2) Alışkanlıkları hayata geçirmek çok daha kolaydır.
Alışkanlıklar aynı anda hem güçlü hem de kırılgandır. İstemsizce gelişebilir veya mantık çerçevesinde tasarlanabilirler. Genellikle iznimiz olmadan ortaya çıkar, ancak ayarlarıyla oynanmak suretiyle yeniden şekillendirilebilirler. Hayatımız üzerinde fark ettiğimizden çok daha büyük bir etkiye sahip olurlar – öylesine güçlü olurlar ki onlara körü körüne bağlanır ve sağduyumuz da dahil olmak üzere beynimizin her bir zerresine nüfuz etmelerine izin veririz.
Herhangi bir alışkanlık geliştirmemizin ardından beynimiz söz konusu davranışın gerçekleştirilmesini kolaylaştırmak üzere çalışmaya başlar. Bir davranışın alışkanlığa dönüşmesi için yaklaşık 30 günlük bir uygulama süreci gerekir. Yani küçük adımlarla ilerlemek esastır.
Mutlaka okuyun: Alışkanlık Nasıl Kazanılır?
3) Alışkanlık yaşam boyu sürer.
Hayatımız alışkanlıklarımız etrafında şekillenir. Onları öylesine içselleştirmişizdir ki birçoğunun güç bela farkına varırız.
Araştırmalara göre uyanık olduğumuz saatlerin % 40’ını alışkanlıklarımıza harcarız -bunlar genellikle bizi biz yapan küçük eylemlerin bir araya gelmesiyle oluşan alışkanlıklardır.

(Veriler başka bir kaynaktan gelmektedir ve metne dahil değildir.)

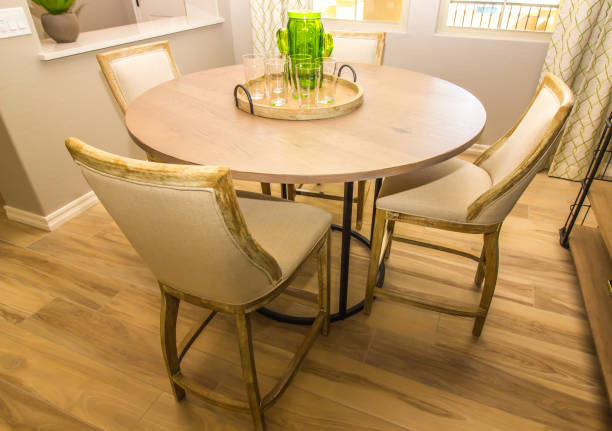 istock Dining Area With Round Wooden Table & Four Chairs 1283774501
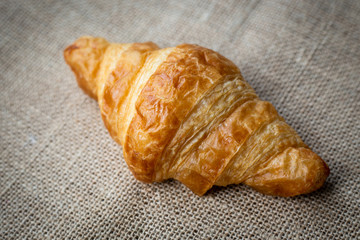 Tasty croissants clean brown sack background.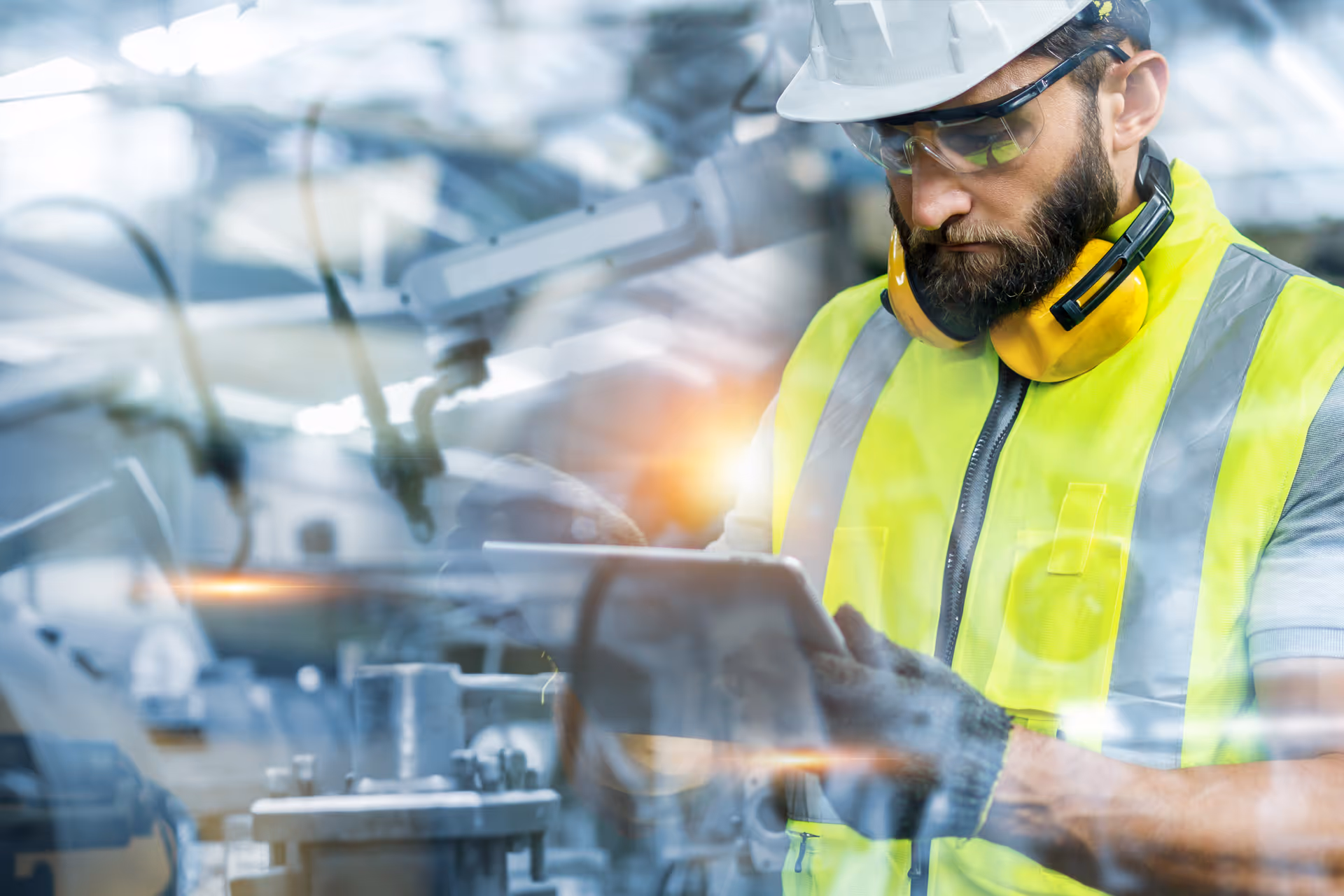 Engineer in safety gear using tablet while monitoring automated machinery, representing Wileo’s operational technology expertise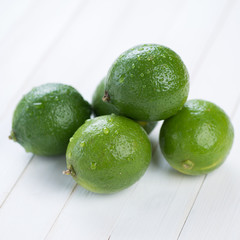 Ripe limes covered with water drops, close-up, studio shot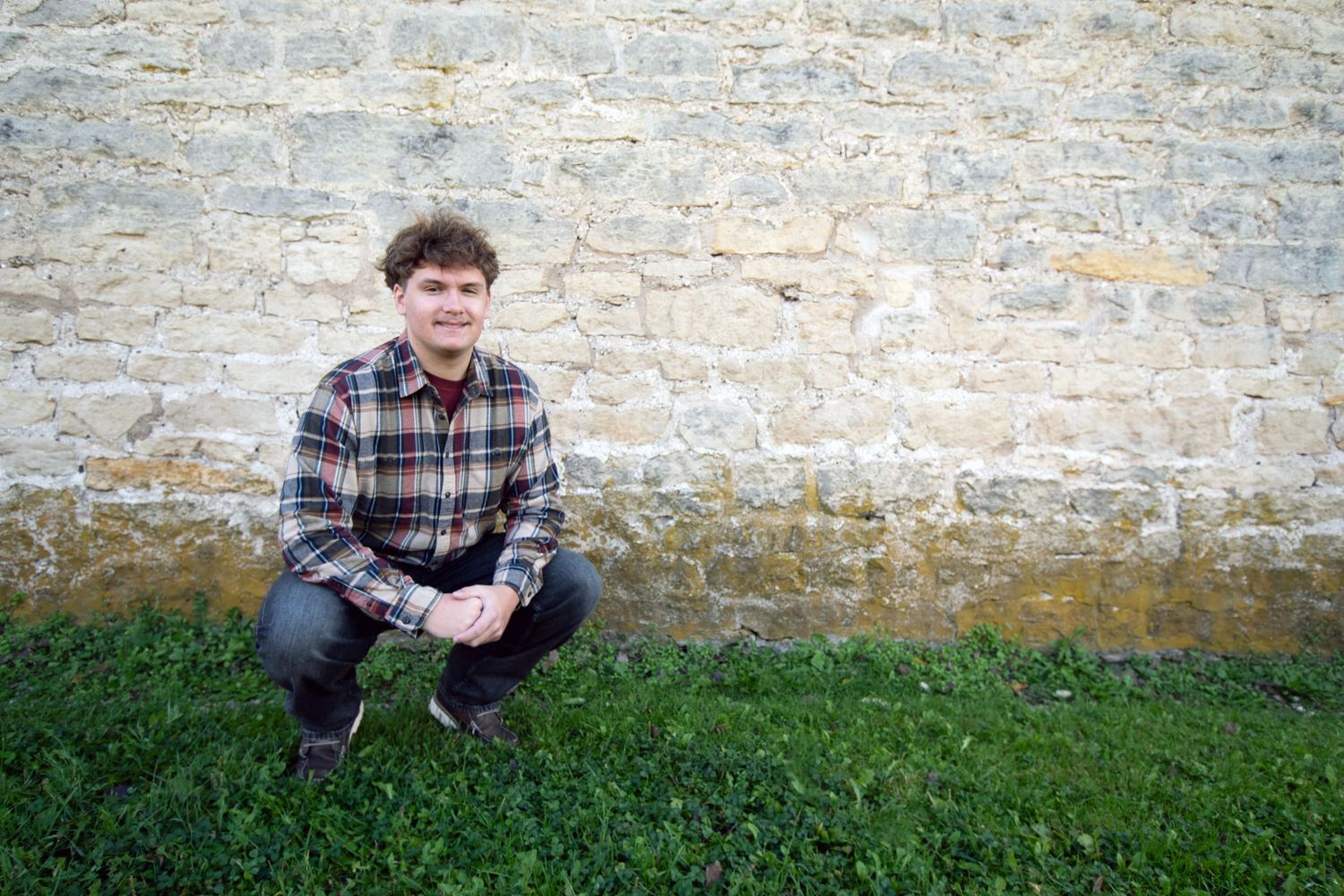 Young man in plaid shirt crouching on green grass against a rustic stone wall outdoors.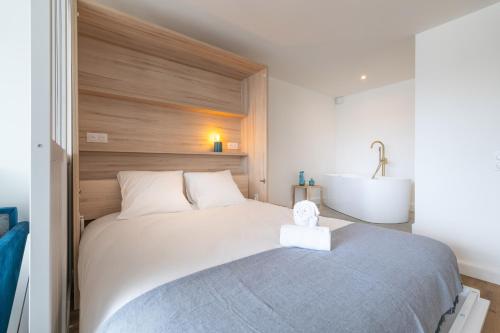 une chambre avec un grand lit et un lavabo dans l'établissement Bulles de la Marina - Balnéo, à Capbreton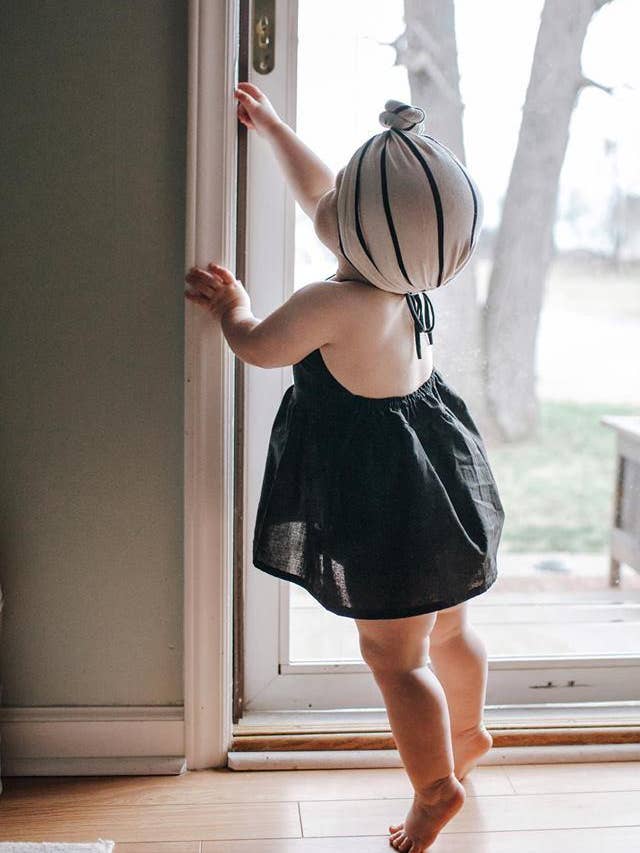 Black Solid Peplum for wholesale by The Baby Bird Boutique
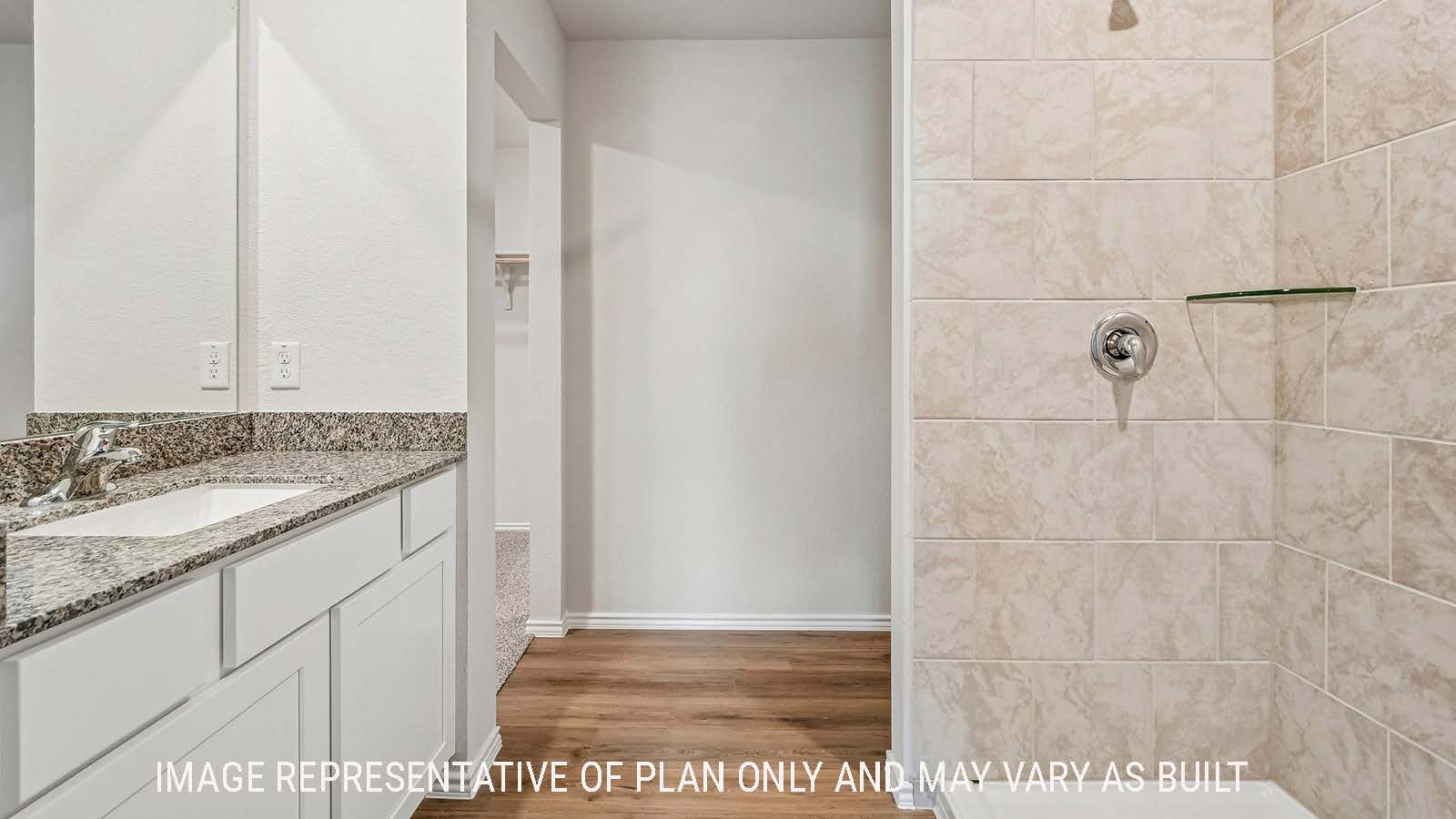 Davis primary bathroom with view of vanity and walk-in shower.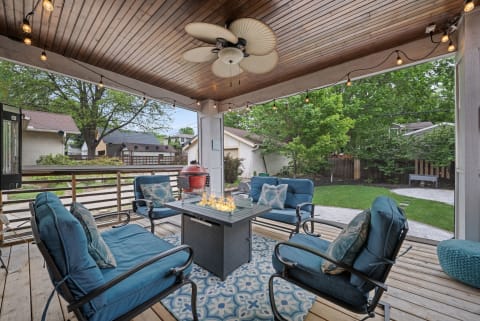 A covered patio featuring comfortable blue seating, a central fire table, string lights, and a glimpse of a verdant backyard.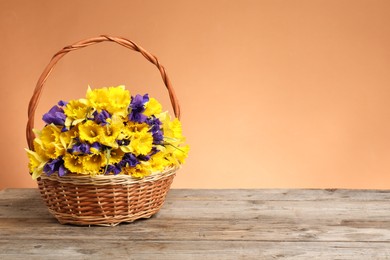 Photo of Wicker basket with beautiful flowers on wooden table against coral background. Space for text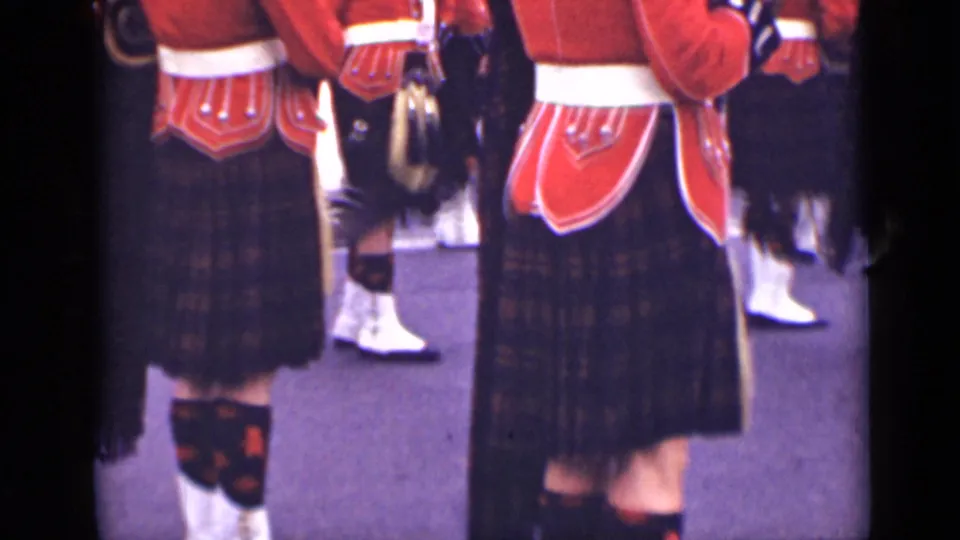 Kilted band members in red tunics and white belts stand in formation, with sporrans and tartan fabric visible from behind.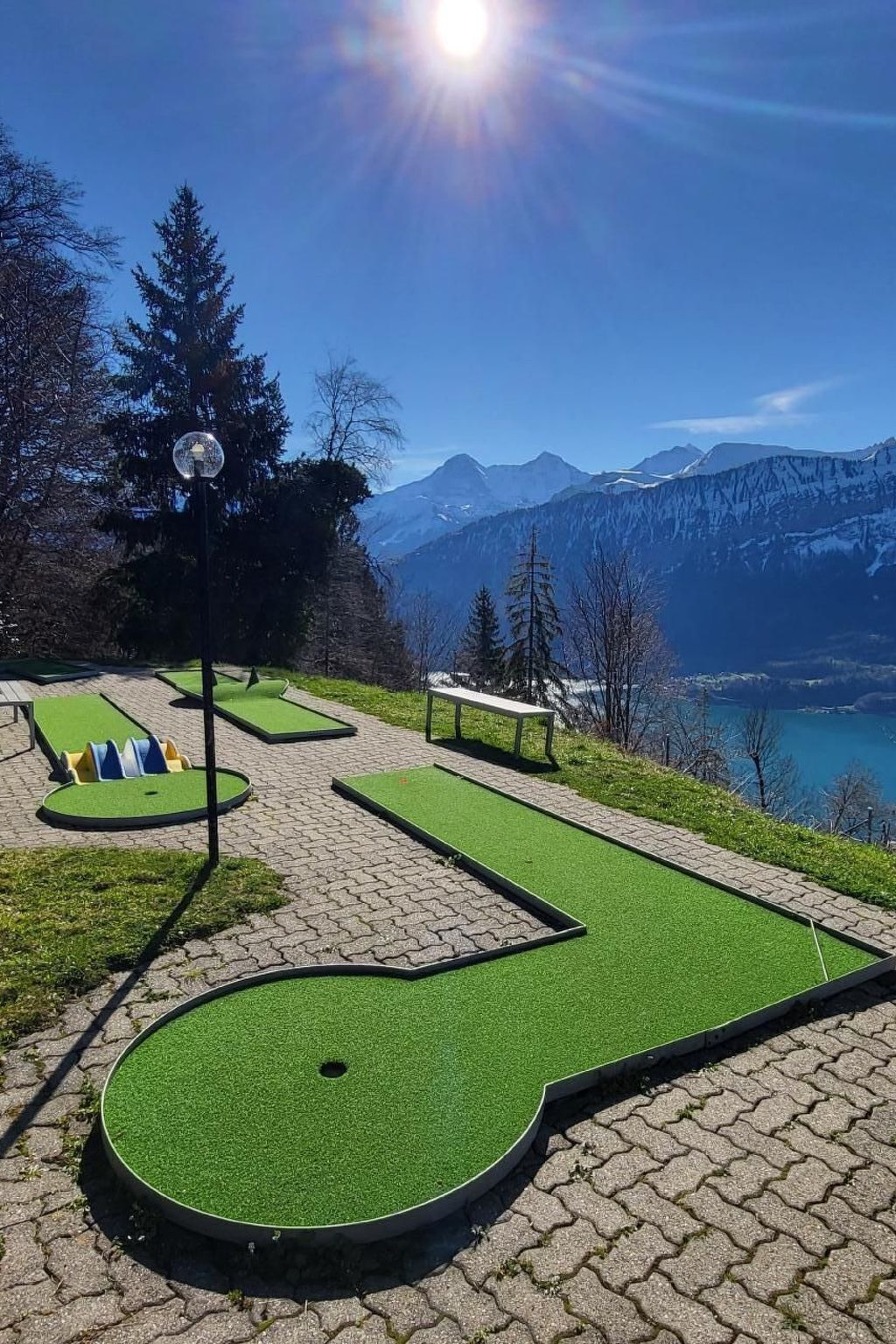 A miniature golf course with a scenic mountain view, a bench, and a lamp post.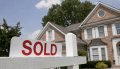 Sold sign outside of a home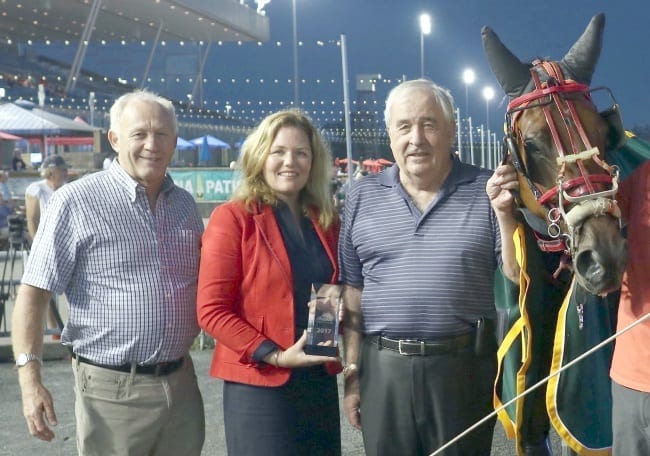 Buckley (with trainer John Bax (left) and owner/breeder Jim Bullock in the Mohawk winner's circle) is hoping to make a strong connection with the standardbred horsepeople | New Image Media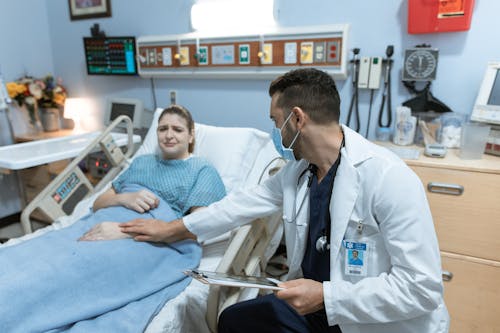 Doctor Comforting a Crying Patient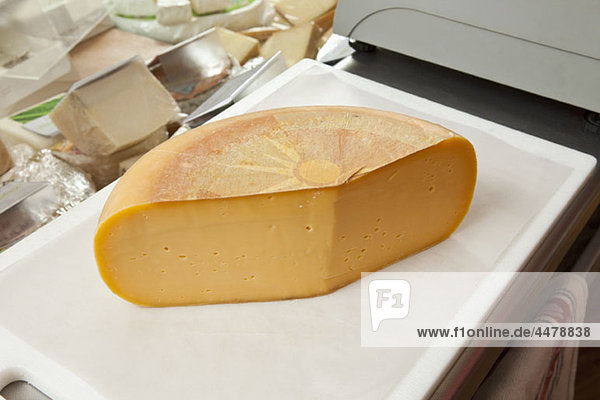 A cheddar cheese wheel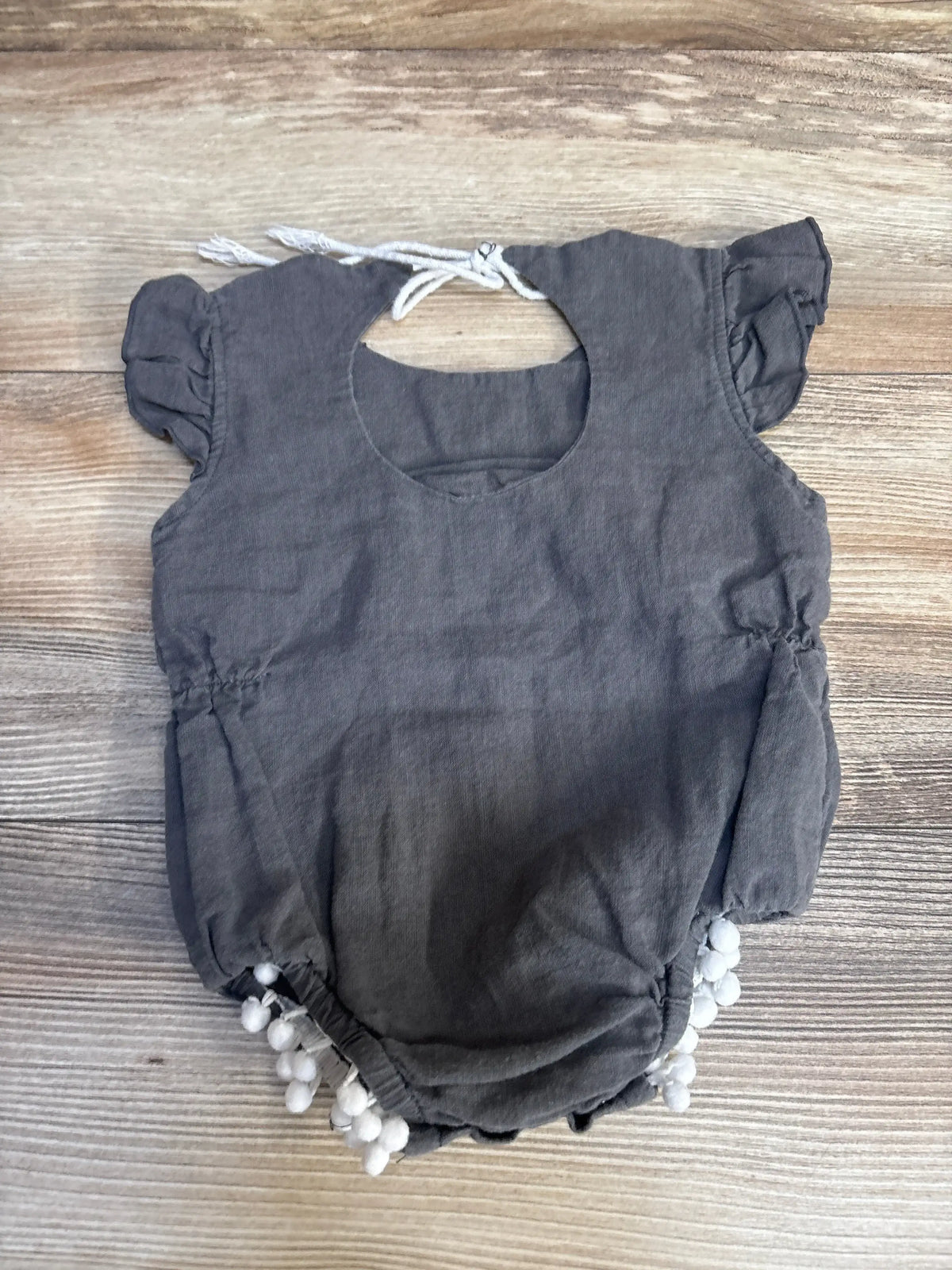 Gray baby romper with white pom-poms and ruffled sleeves, ideal for kids' clothing resale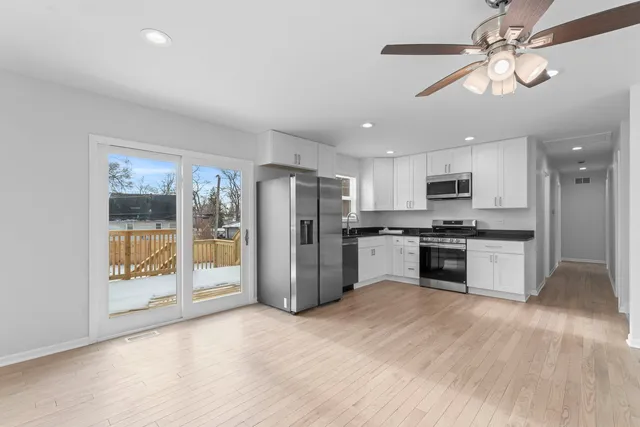 a kitchen with stainless steel appliances a refrigerator sink and cabinets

Anlayacağınız, hayat denen şey bizleri hedeflediğimiz mutluluğa ya da makus talihimize götürecek sistematik biçimde yapılandırılmış bir dizi pratik, duygusal ve entelektüel alışkanlığın toplamından ibarettir. Ve bizi karşı konulmaz bir biçimde sonu belirsiz kaderimize sürükler.
Ve bir alışkanlık hayatımıza derinlemesine nüfuz edip kökleştiği vakit ömür boyu sürebilir(herhangi bir nedenle kırılmadığı sürece durum budur).
4) Alışkanlıklar bir yenisi için itici güç oluştururlar.
Düşünce ekerseniz o düşünceye ilişkin bir eylem biçersiniz; ekeceğiniz bu eylem de alışkanlığın fitilini ateşler. Alışkanlıklarınız ise karakterinizi belirlemenize ve en nihayetinde kaderinize/hayatınıza bir yön vermenize sebep olur.
Başka bir deyişle, oluşturacağınız tek bir alışkanlık dahi hayatınız üzerinde sandığınızdan çok daha geniş bir etkiye sahip olabilir. Bunlara “temel alışkanlıklar” adı verilir. Bu tür alışkanlıklar ona bağlı pek çok alanı değiştirmenize sebep olabilecek güçteki davranışları ifade eder. Örneğin, günlük egzersizi alışkanlık haline getirmeyi başaran insanlar bu alışkanlıklarının doğal bir sonucu olarak yeme içme alışkanlıklarını da geliştirebilirler. Veya kötü bir alışkanlığı tamamıyla bırakabilenler bunu çok daha olumlu bir alternatifle değiştirebilirler.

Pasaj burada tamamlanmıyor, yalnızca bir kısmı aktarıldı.